(What you need to do):
Return the lines of the material below exactly, beginning with the line that has "Saint Laurent Grain" in it and finishing with the line that has "ネイル チークネイル 長さ出し" in it. Leave all pictures aside.

(Data for review):
**********

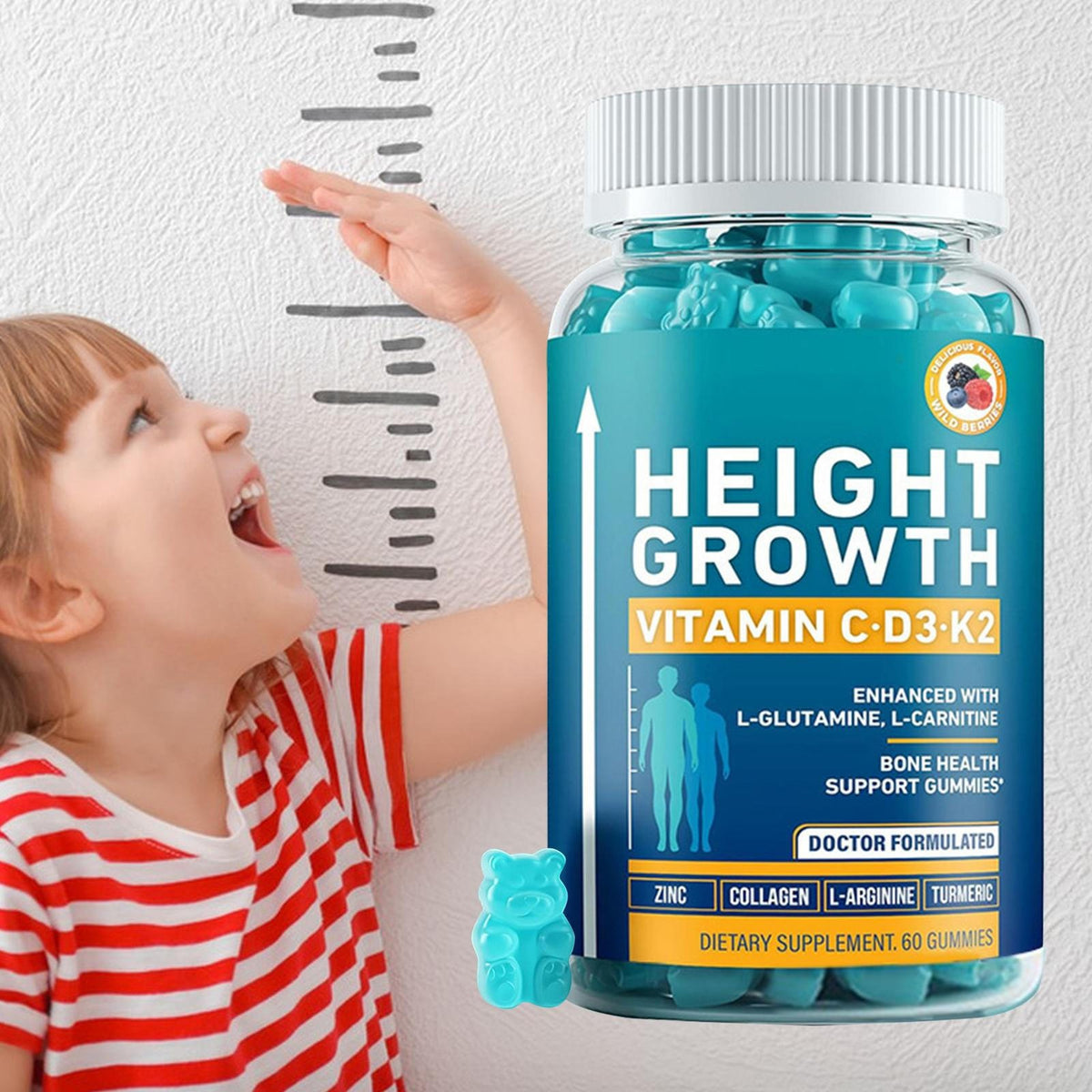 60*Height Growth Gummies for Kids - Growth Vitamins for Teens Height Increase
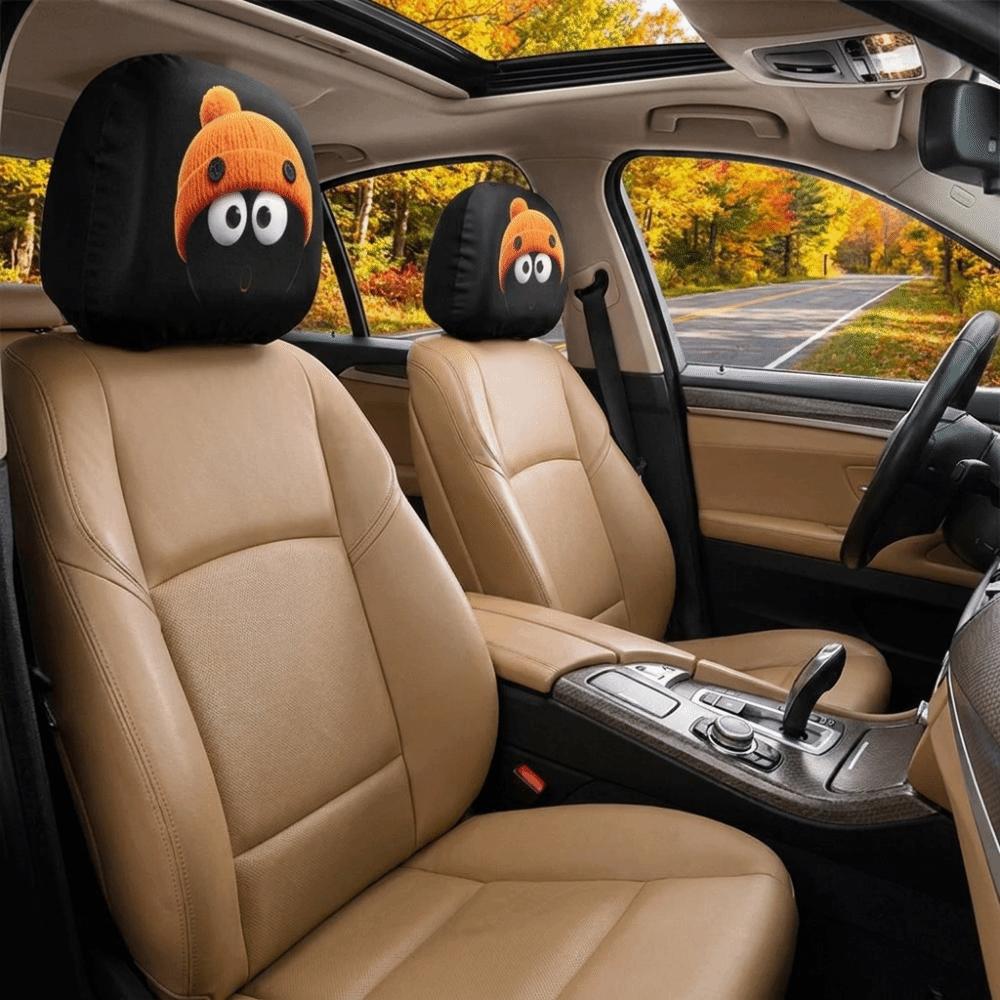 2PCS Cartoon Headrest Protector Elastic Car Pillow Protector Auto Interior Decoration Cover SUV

**********

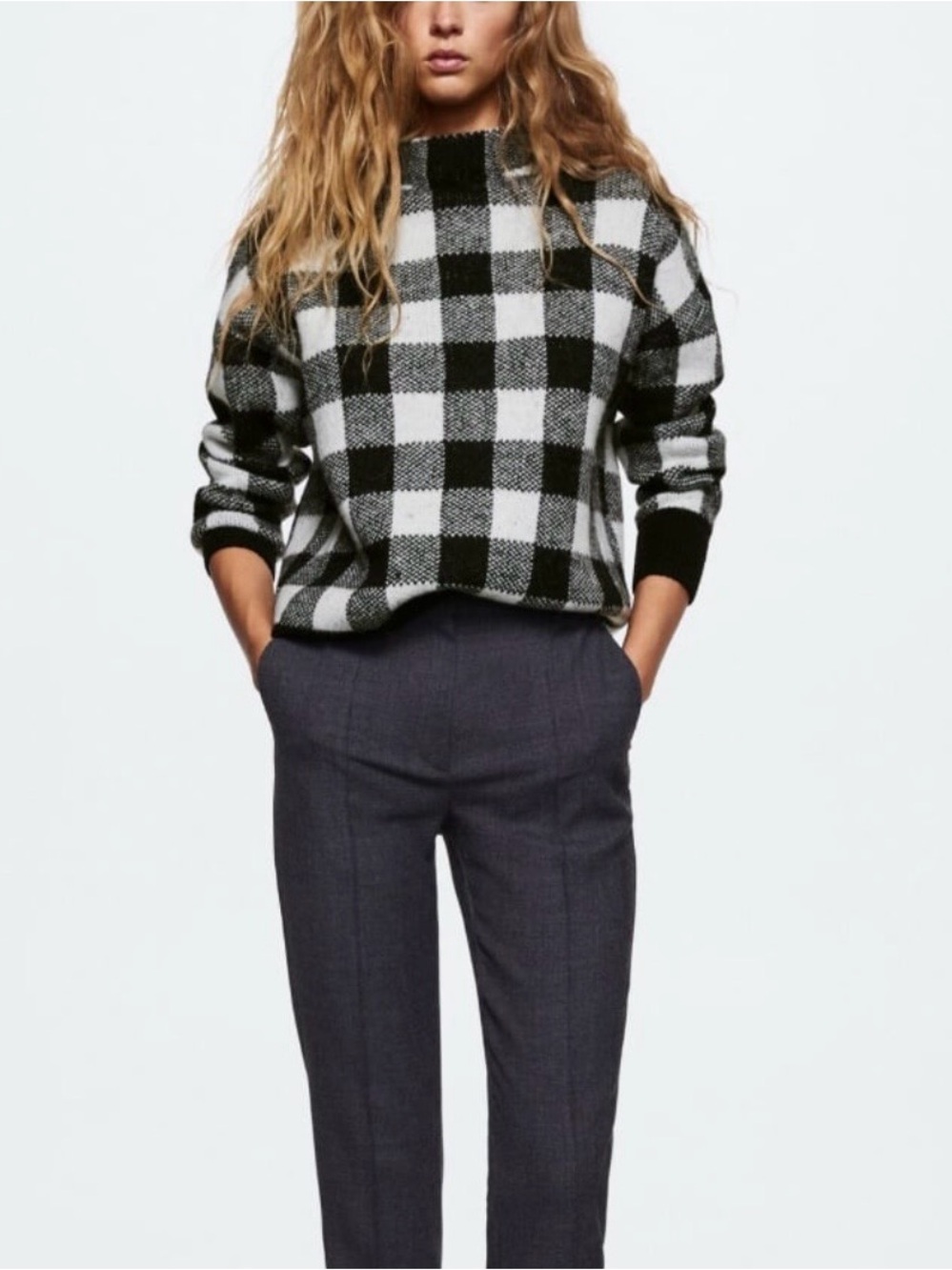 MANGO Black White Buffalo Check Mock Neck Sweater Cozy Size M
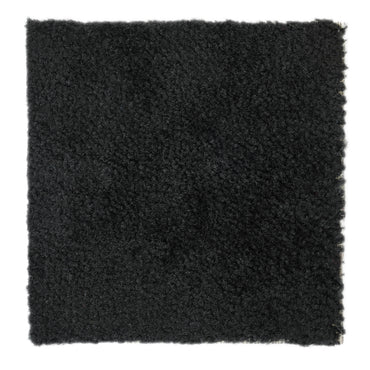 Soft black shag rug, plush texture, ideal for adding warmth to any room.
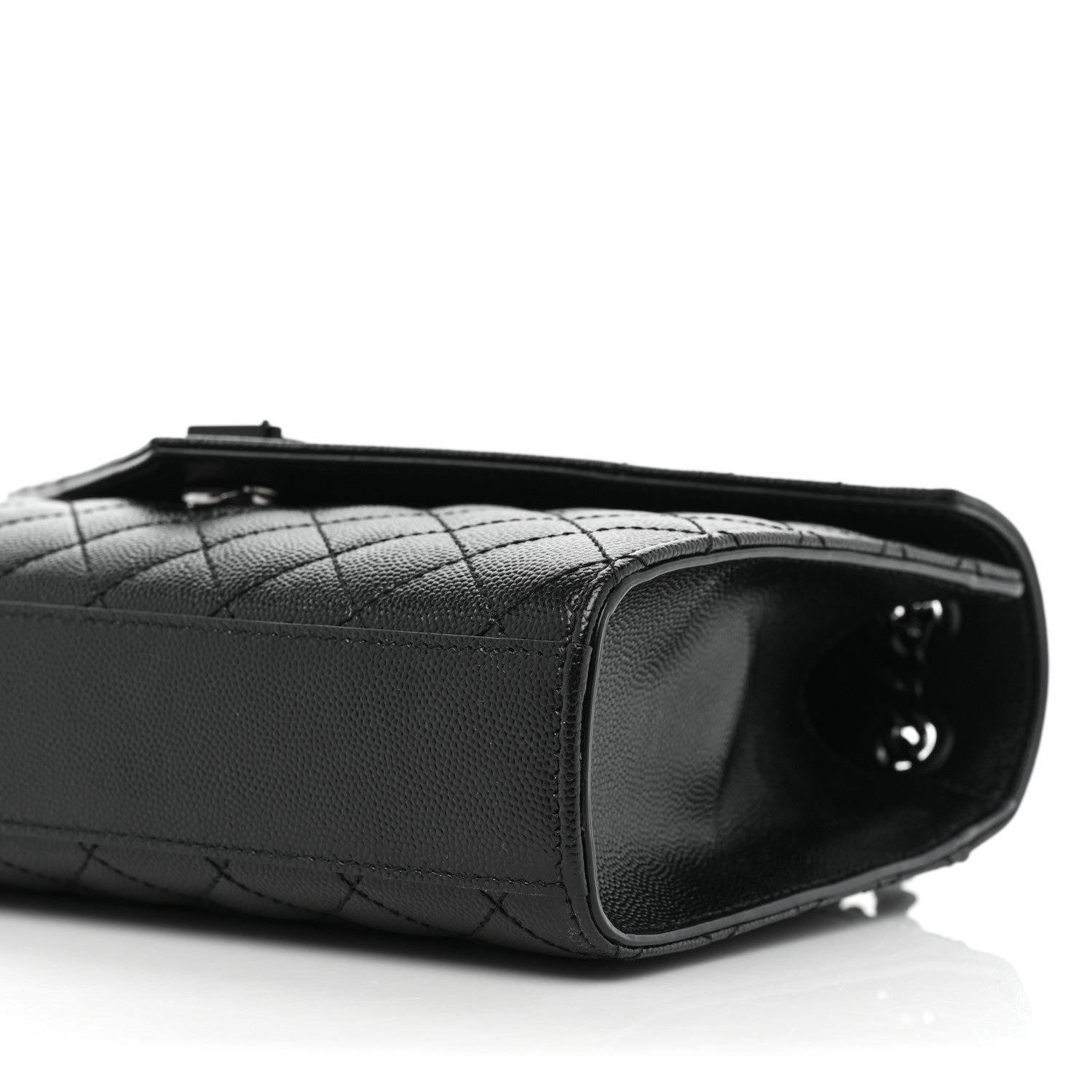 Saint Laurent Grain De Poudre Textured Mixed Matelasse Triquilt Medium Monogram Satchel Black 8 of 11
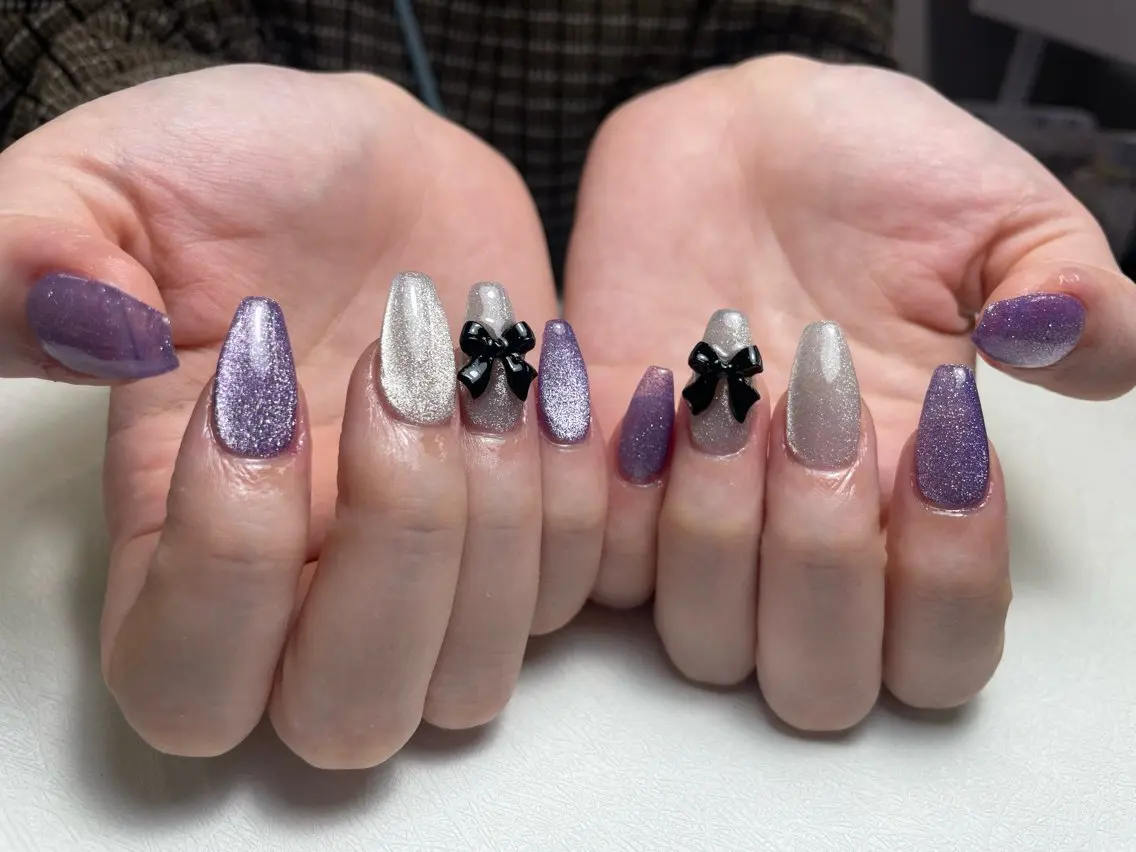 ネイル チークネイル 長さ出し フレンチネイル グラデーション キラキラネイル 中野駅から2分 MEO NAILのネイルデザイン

**********

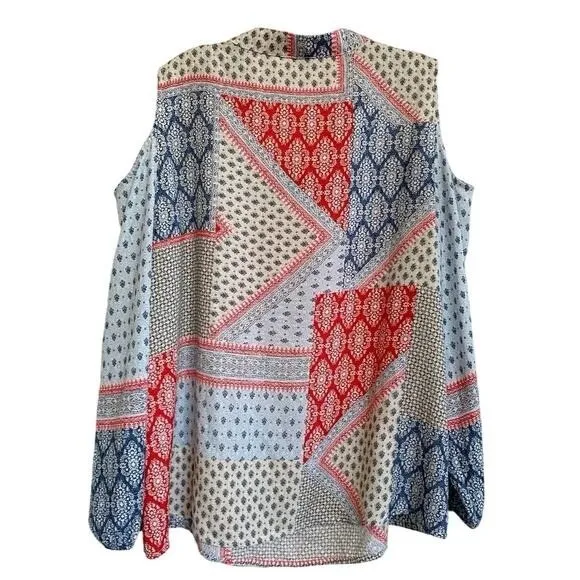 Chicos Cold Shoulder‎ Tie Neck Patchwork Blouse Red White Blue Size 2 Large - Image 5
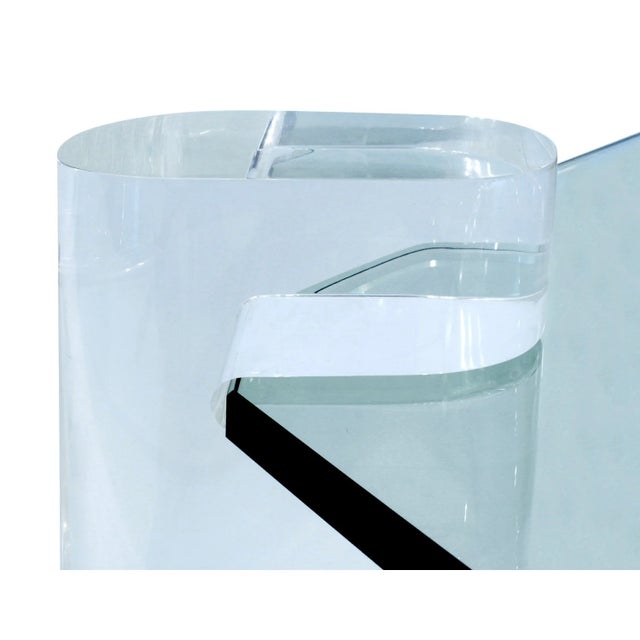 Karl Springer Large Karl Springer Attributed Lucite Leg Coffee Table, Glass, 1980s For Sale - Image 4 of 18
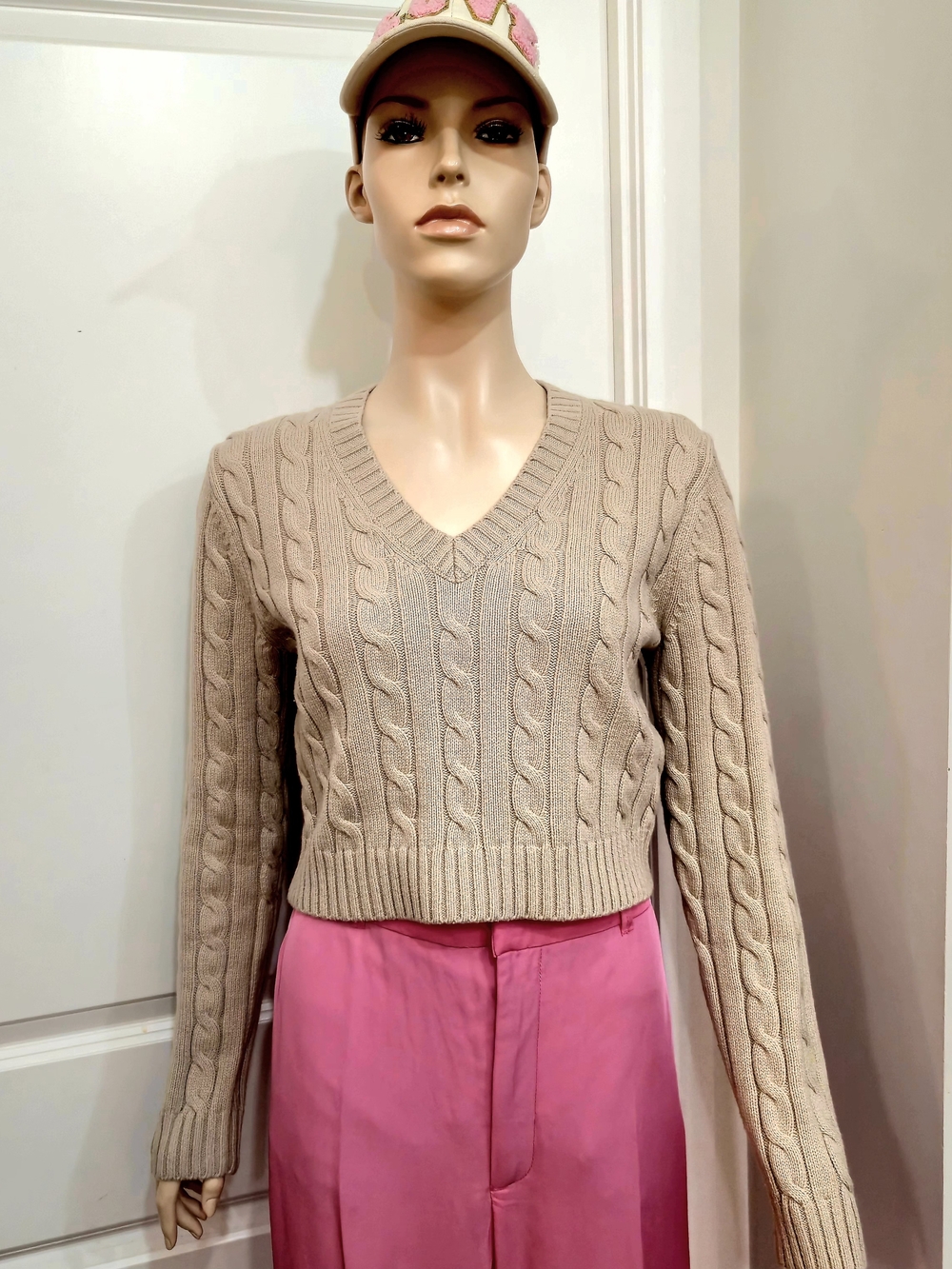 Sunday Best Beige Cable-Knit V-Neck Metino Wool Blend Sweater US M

**********

(Answer box):
 Saint Laurent Grain De Poudre Textured Mixed Matelasse Triquilt Medium Monogram Satchel Black 8 of 11
 ネイル チークネイル 長さ出し フレンチネイル グラデーション キラキラネイル 中野駅から2分 MEO NAILのネイルデザイン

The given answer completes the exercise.